**Task item:** Leaving out every picture, please repeat exactly the line that contains "Hey y'all, Jay" and each line after it through the final line below.

**Dataset content:**
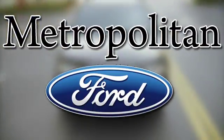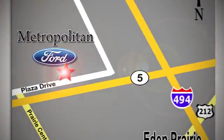Whether you're buying today or just shopping, at Metropolitan Ford you can expect to experience something truly unique. Call or stop in today. We're conveniently located near 494 and Highway 5 in Eaton Prairie.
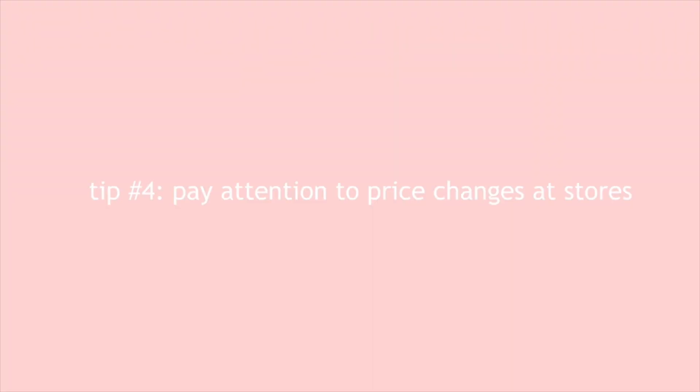Tip number four is to pay attention to price changes at your favorite stores. We all know about big deals like Black Friday, Cyber Monday, back to school season, and deals after Christmas — Boxing Day for Canadians. Knowing when your stores have sales is obviously a better time to shop, and if you just wait a little bit, a lot of the times the piece you were looking at is going to go on sale.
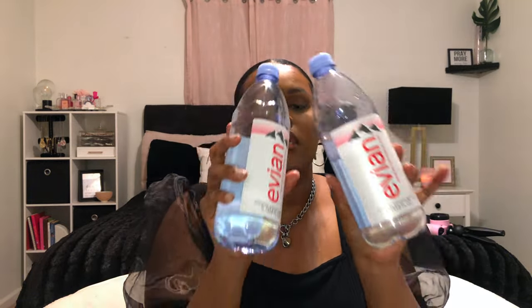Next is really random, but Evian water is so good to me. I know most water tastes the same, but I've really been into these — they're one liter, so I can drink two and be good for the day. They're crisp and refreshing. I get a whole six-pack, which is about eight or nine dollars. I've been drinking these constantly, along with Essentia water.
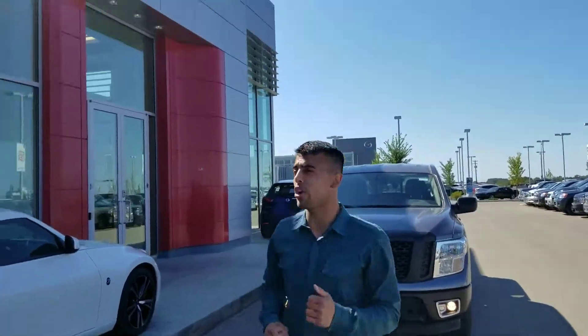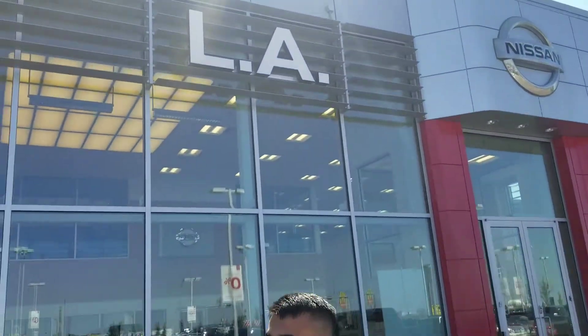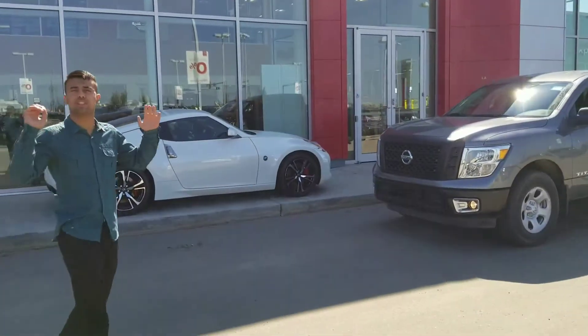Hey y'all, Jay — this is Frost from LA Nissan. I hope you're having a great day. So this is where LA Nissan is. As you can see, we've got a beautiful location and an easy drive too.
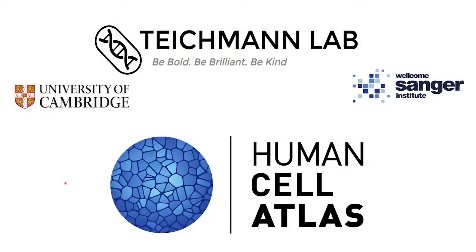Hello everybody at the Center for AI Medicine. It's a tremendous pleasure to be here and to be speaking at this launch event. I'm Sarah Teisman, Head of Cellular Genetics at the Wellcome Sanger Institute and a member of the Cavendish Laboratory in Cambridge. I'm also co-founder and co-lead of the Human Cell Atlas International Consortium, which is an initiative that aims to create a Google Maps for the human body.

**Reply to the task:**
Hey y'all, Jay — this is Frost from LA Nissan. I hope you're having a great day. So this is where LA Nissan is. As you can see, we've got a beautiful location and an easy drive too.
Hello everybody at the Center for AI Medicine. It's a tremendous pleasure to be here and to be speaking at this launch event. I'm Sarah Teisman, Head of Cellular Genetics at the Wellcome Sanger Institute and a member of the Cavendish Laboratory in Cambridge. I'm also co-founder and co-lead of the Human Cell Atlas International Consortium, which is an initiative that aims to create a Google Maps for the human body.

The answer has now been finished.